* HOW TO COMPLETE THIS TASK
Show each line of the listing in which the word "pessoas" occurs.

* DATA RECORDS

#####

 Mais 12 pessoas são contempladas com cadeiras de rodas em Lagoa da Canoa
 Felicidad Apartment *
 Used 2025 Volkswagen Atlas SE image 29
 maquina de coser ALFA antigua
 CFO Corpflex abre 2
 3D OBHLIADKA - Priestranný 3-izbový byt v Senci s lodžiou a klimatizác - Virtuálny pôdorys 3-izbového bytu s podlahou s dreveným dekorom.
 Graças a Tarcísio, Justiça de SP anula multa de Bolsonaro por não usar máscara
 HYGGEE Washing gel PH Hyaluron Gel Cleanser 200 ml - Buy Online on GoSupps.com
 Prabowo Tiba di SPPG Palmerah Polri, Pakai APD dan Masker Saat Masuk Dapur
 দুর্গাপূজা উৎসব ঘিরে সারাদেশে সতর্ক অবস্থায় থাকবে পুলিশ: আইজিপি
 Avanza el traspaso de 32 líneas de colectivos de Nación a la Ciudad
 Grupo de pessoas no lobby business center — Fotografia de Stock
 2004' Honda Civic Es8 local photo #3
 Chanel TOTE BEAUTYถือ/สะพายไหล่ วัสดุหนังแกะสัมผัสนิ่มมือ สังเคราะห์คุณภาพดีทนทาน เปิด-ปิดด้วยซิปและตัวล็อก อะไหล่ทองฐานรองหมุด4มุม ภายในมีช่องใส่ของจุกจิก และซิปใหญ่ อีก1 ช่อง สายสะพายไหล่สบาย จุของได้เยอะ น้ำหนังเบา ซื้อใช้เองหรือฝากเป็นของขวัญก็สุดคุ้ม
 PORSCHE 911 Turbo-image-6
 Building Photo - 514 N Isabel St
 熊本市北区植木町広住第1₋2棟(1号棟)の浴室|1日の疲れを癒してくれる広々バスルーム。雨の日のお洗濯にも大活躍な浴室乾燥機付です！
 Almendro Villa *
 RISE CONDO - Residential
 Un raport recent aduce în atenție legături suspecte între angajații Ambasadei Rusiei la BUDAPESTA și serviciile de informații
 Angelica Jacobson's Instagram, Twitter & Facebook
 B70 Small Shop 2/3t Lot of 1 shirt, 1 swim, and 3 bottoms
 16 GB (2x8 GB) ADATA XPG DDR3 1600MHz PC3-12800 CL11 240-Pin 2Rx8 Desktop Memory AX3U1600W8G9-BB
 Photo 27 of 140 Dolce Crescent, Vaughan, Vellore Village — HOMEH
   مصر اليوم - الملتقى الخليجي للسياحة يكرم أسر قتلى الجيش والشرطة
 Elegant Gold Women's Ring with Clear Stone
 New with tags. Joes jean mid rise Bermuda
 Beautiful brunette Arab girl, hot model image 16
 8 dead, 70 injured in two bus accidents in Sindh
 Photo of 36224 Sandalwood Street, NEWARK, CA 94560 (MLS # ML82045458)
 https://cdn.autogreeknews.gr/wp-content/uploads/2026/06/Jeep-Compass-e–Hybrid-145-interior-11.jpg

#####

* RESULT OF THE TASK
 Mais 12 pessoas são contempladas com cadeiras de rodas em Lagoa da Canoa
 Grupo de pessoas no lobby business center — Fotografia de Stock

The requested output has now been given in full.